Q Two unrelated things. First, what's the latest thinking here on whether the White House would support some sort of independent commission to look at the interrogations during the Bush era? And then I want to follow up with a credit card question, if I could.
MR. GIBBS: Sure. Well, I don't -- I don't know that I have a lot to add on the first question other than what the President discussed earlier in the week and what I talked about on the plane yesterday.
And obviously there's been news reports of a discussion about such a commission here that the President decided I think the last few days might well be evidence of why something like this would likely just become a political back and forth.
Q So is that an indication that you don't want to see an independent commission?
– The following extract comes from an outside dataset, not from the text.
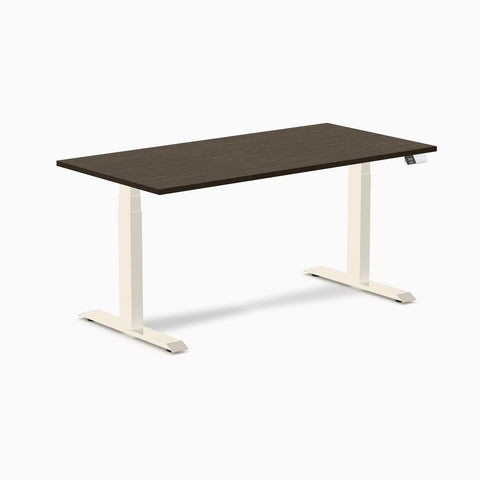 Desky Dual Bamboo Sit Stand Desk 150cm Dark Bamboo Desktop and Wheat Frame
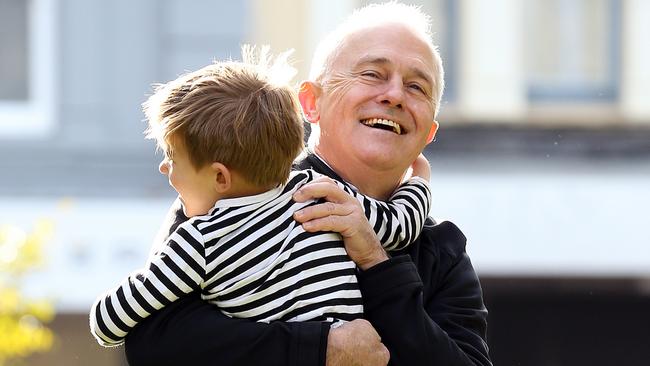 PM Malcolm Turnbull and grandson Jack. Picture: Sam Ruttyn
I'm trying to understand.
MR. GIBBS: By dint, an independent commission would probably not be something that I would weigh in on if Congress were to create one of those. I think that -- from the larger perspective, the President believes, as both of us have said, that the release of the memos are not a time for a retribution but to reflect on what happens and that we're all best suited looking forward.
Q Robert, does the President believe someone ought to be punished for allowing waterboarding? He changed the policy, but does he believe somebody ought to be punished?
MR. GIBBS: Well, I think that determination is going to be left up to, as I've said for any number of days looking backward on this now, that that's going to be made by a legal official.
Q And that legal official is the Attorney General?
MR. GIBBS: In our Constitution it is.
Q And what about this idea of the Attorney General appointing a special prosecutor?
MR. GIBBS: Well, I addressed this --
Q Is that his -- is that the Attorney General's decision or is that ultimately the President's decision?
MR. GIBBS: I'd have to look up, honestly, the legal statute to determine that. I don't -- I don't think the -- I don't believe that there's -- I think the Justice Department is fully capable of weighing the law.
Q You don't think a special prosecutor is necessary?
MR. GIBBS: I don't -- I don't think anybody has presented a compelling case why the Justice Department couldn't do this.
The U.S. once again plays by its own rules and deigns not to investigate atrocities committed by American intelligence officers that would bring a swift condemnation if committed by another nation. The American people deserve to know the truth about what was done in their name.